Cyber Risk – “someone else will look after it”

by | Aug 18 2021

The “Someone will look after it” mentality 

While cyber security may be on the risk register of every board Cheryl Hayman cautions that many boards consider it too low or unlikely a risk.

The mentality of directors that “someone else will look after it”, presents a gap in boards’ understanding of the prevalence of the cyber security threat, not just in the technology space, but across the entire organisation.

According to Hayman, “As a director, and especially as a non technical director, you need to change the frame by which you consider cyber risk and cyber security, and understand that it comes right back down to having customers and stakeholders who expect a certain kind of experience or journey, and that they are relying and trusting us to ensure that it is a secure journey.”
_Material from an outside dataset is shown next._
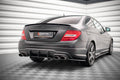 Street pro rear diffuser mercedes-benz c coupe amg-line c204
Hayman, as the non executive director of several listed businesses, recently was on the receiving end of a ransomware attack to the Australian listed consumer goods company Shriro. The company experienced a huge cyber data breach that they immediately reported to the market.

She says that one cannot fully understand the impacts of such an event, without having experienced it first hand.

“We believed we had everything in place. The premise of surprises, however, is just that, you can’t ever be prepared fully for any surprises.

I can tell you that my learning curve on how to manage through that process has been massive,” says Hayman.

“For all the best planning in the world, things happen. And then you need to know how to deal with it. And I’m not sure unless you’ve lived it, you can be fully across what you need to do.”

Despite doing due diligence planning for such an event, Hayman reveals that there were key questions that the board had not considered prior to the attack.

“I don’t think we’d had a discussion about if we ever get a ransom ask what’s our view on paying or not? Do we have a list of experts ready to go? Do we know what others in similar situations have done? And on what basis would we decide how and whether we will or won’t pay?”

Hayman suggests seeking the expertise of board members who may have experienced a similar cyber attack in the past, to learn through their experience.

She also  encourages the mindset shift for boards in considering cyber security as about technology, to about information.

“Whether you’re a shopfront that only has some tech or a high tech organisation, you are dealing with technology by way of information. And so you have to consider it as an information piece. And so with that comes that need to consider it in the context of problem solving,” says Hayman, “and across the entire organisation”.

“In order to deal with cyber risk, you need to think of it like that, because it’s the connective tissue in an organization between the business, the strategy, the culture, and the user experiences of your product.”

While Hayman concedes that boards’ awareness of cyber risk has increased in the last few years, she questions whether boards recognise the depth of the issue as a concern that impacts every facet of the business.

“It is on every single risk register for sure. Whether they have enough understanding as to the depth of detail and consequences that sit below the cyber strategy and associated risks and the pieces of the organisation and impacts involved, may be questionable. The fact is that it has to actually be embedded in your entire organisation as an item and as a risk and that it doesn’t just sit in certain parts of the organisation, nor is it any one persons responsibility, it’s everyone’s.”